While it is not to be denied that the church from the beginning was a social force, it has taken a long time for it to become the continuing, positive force for reform that it is today in many instances. In the Middle Ages, e.g., the church had great political and economic power, and it used that power to further its own organizational ends rather than the welfare of needy individuals.

But almost from the beginning there was some emphasis upon the social gospel by the church. It early exerted an influence on legislation, on the treatment of slaves, on the treatment of prisoners of war, on the treatment of women and children, on provision for the treatment of the sick and aged. Wycliffe’s Bible and the poor priests known as Lollards, carried the biblical message up and down the country, and historians are agreed that these did much to help and prepare England not only for the Reformation but also for improvement in the lot of the barest level of subsistence. They heard little from their priests to lead them to suppose that they were entitled to a better life. But as they listened to Wycliffe’s Lollards and to the reading of the Bible in their own tongue, something began to stir in their souls and they realized that they did not have to die and go to heaven before they could know a brighter lot. And thus it went, from country to country, as the Reformation swept across Europe. French, Germans, and others came to realize that religion was not necessarily a procedure for enduring hardships here in order to escape them in some hereafter, but a positive doctrine that realized that and advocated the good life for men here and now, as well as afterward.

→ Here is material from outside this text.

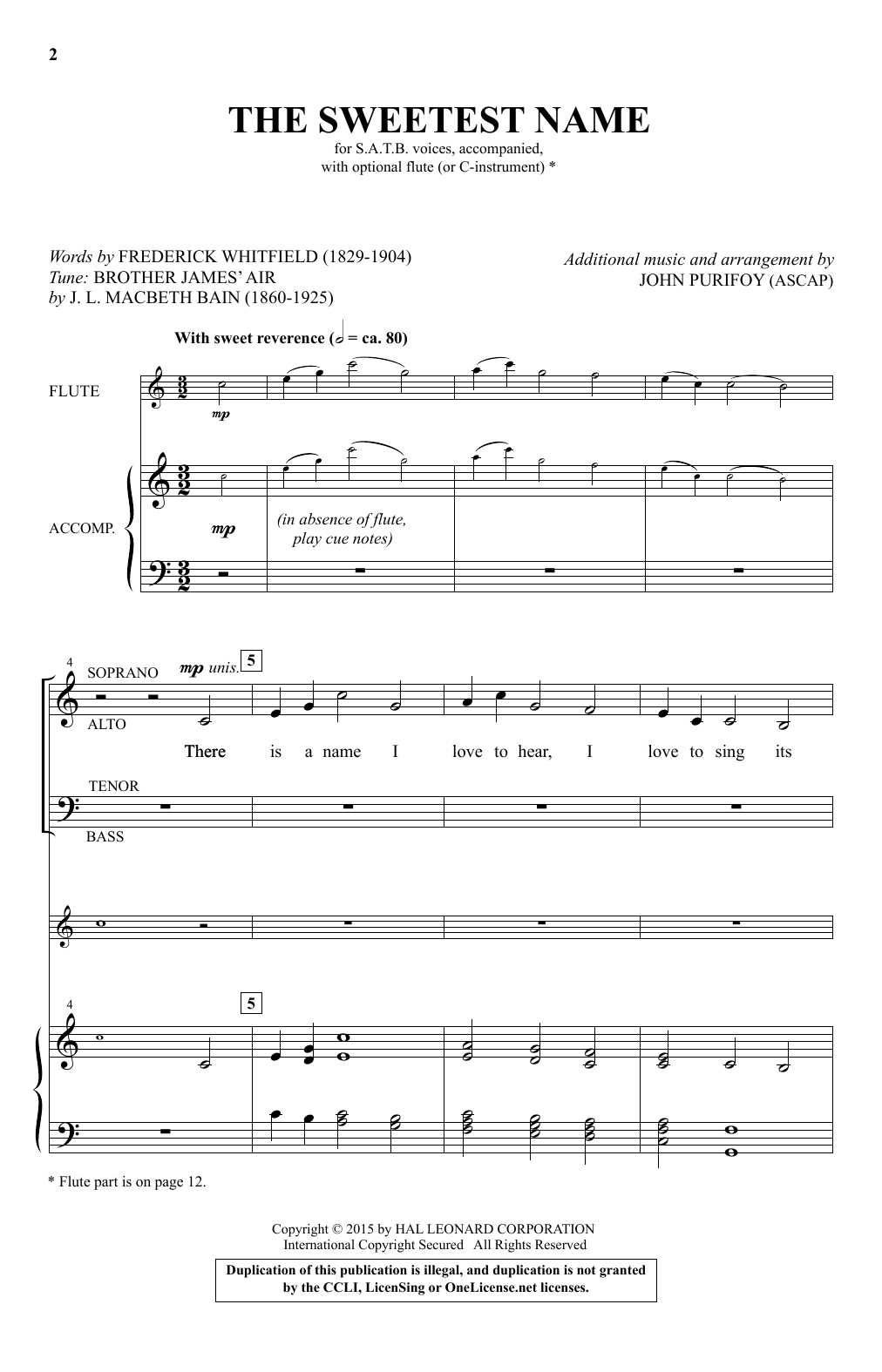 John Purifoy The Sweetest Name Sheet Music Notes & Chords for Choral - Download or Print PDF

There are some groups today who frown upon the advocacy by the church of a social gospel. To such people, religion is something abstract from or a segmented, compartmentalized portion of life. Such groups fail to catch perhaps the most important aspect of religion, for while there is no intent to disparage emphasis upon religion as a preparation for eternity, it is more than likely, it is fairly certain, that people who see that through religion, a happier, more plentiful life is possible, will also wish the more ardently to influence others to accept it also.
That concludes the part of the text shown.